## GIVEN ENTRIES
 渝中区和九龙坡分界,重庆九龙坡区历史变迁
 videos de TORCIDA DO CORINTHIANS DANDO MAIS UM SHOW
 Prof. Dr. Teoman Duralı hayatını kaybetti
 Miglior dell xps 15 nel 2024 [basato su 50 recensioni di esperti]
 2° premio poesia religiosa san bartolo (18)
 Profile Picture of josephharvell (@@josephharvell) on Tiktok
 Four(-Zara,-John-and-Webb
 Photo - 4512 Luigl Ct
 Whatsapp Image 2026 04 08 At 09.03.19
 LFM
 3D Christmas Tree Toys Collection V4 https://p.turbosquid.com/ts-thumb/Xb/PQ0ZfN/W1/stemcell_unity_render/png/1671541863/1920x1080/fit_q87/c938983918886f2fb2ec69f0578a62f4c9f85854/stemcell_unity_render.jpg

...

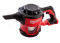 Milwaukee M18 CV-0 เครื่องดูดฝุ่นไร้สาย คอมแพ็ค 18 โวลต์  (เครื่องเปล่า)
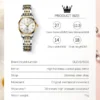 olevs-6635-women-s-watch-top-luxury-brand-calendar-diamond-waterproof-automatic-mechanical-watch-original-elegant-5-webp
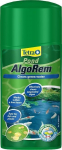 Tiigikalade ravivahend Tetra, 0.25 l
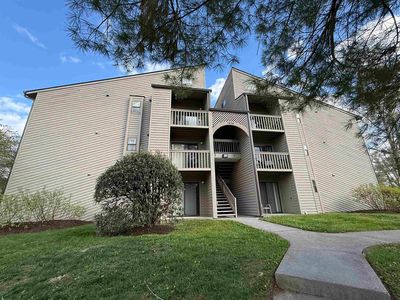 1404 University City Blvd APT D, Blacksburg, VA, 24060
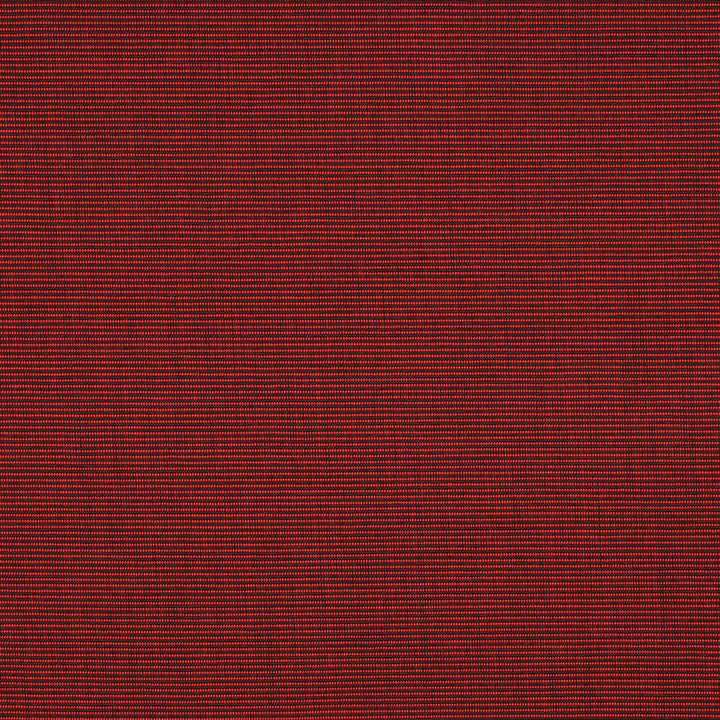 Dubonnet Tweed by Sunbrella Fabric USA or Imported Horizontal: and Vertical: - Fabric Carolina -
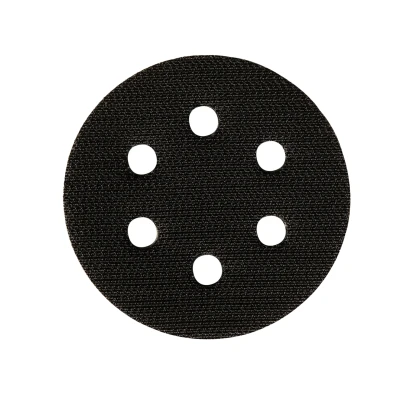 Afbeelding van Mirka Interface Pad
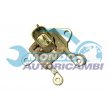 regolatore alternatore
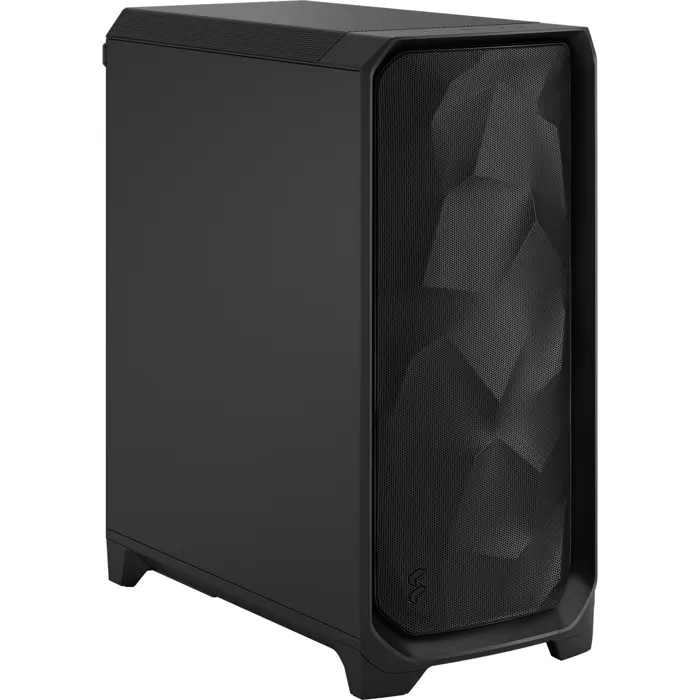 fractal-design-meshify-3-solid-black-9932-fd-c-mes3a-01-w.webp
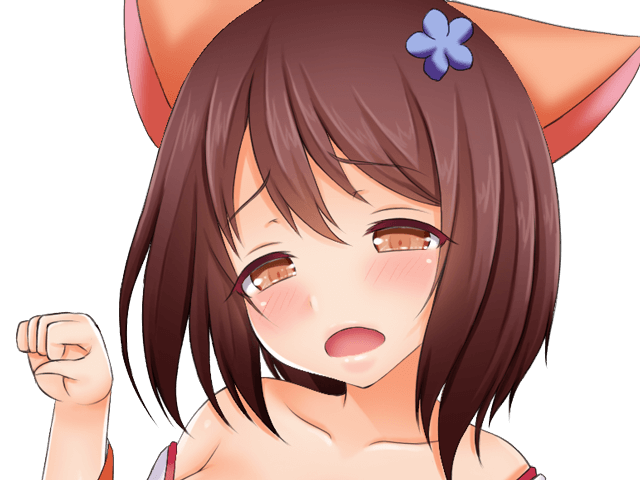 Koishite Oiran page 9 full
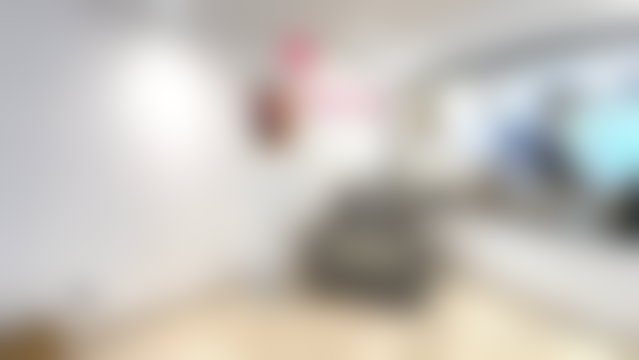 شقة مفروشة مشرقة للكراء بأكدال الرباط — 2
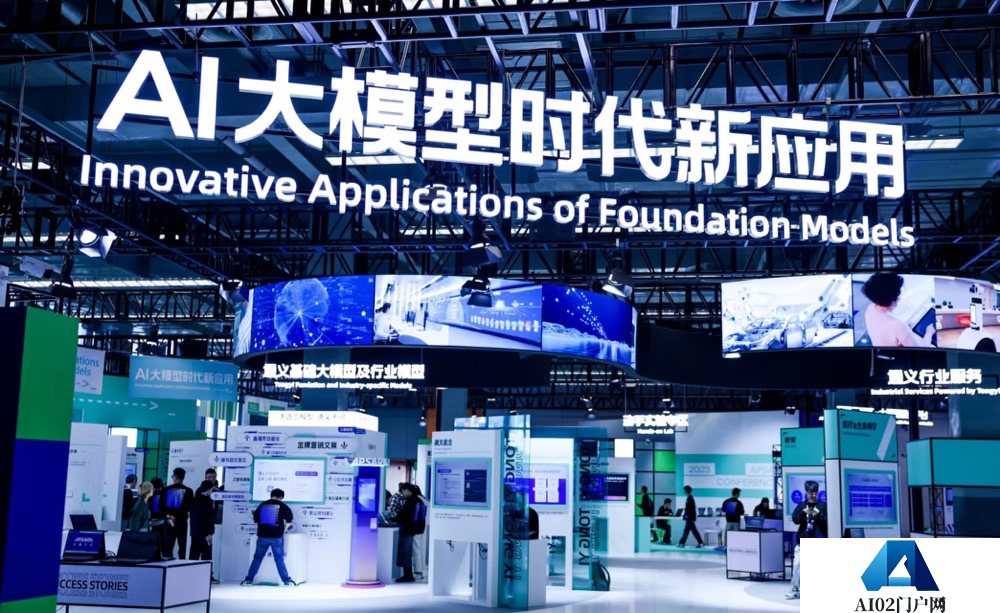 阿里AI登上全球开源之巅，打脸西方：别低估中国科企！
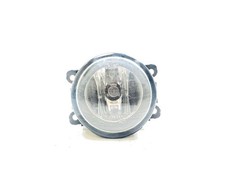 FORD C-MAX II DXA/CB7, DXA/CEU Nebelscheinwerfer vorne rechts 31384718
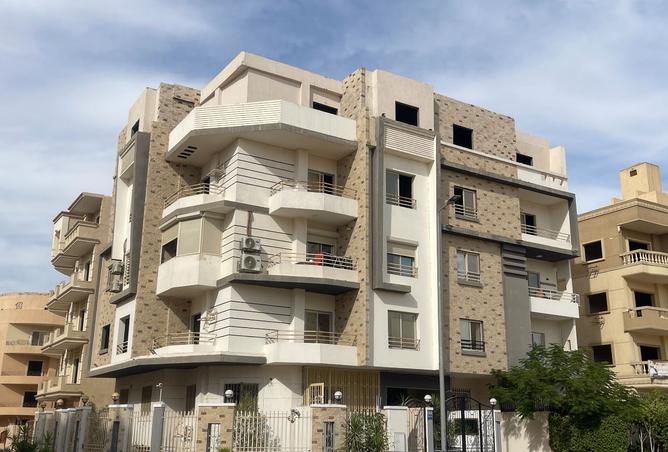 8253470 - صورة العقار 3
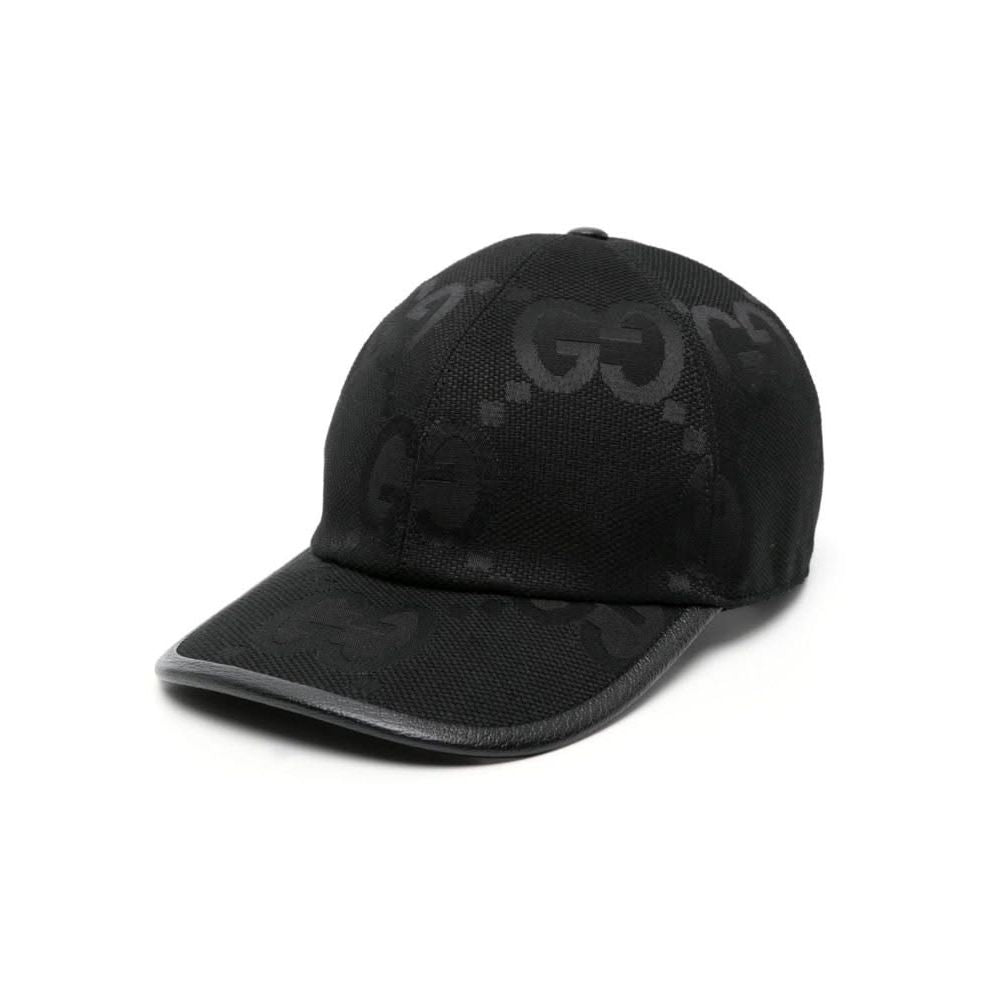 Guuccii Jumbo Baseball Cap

## INSTRUCTIONS FOR THE TASK
Give the lines above again exactly, from the one containing "阿里AI登上全球开源之巅，打脸西方：别低估中国科企！" to the one containing "Guuccii Jumbo Baseball Cap", both included, but leave out the pictures.

## WRITTEN REPLY
 阿里AI登上全球开源之巅，打脸西方：别低估中国科企！
 FORD C-MAX II DXA/CB7, DXA/CEU Nebelscheinwerfer vorne rechts 31384718
 8253470 - صورة العقار 3
 Guuccii Jumbo Baseball Cap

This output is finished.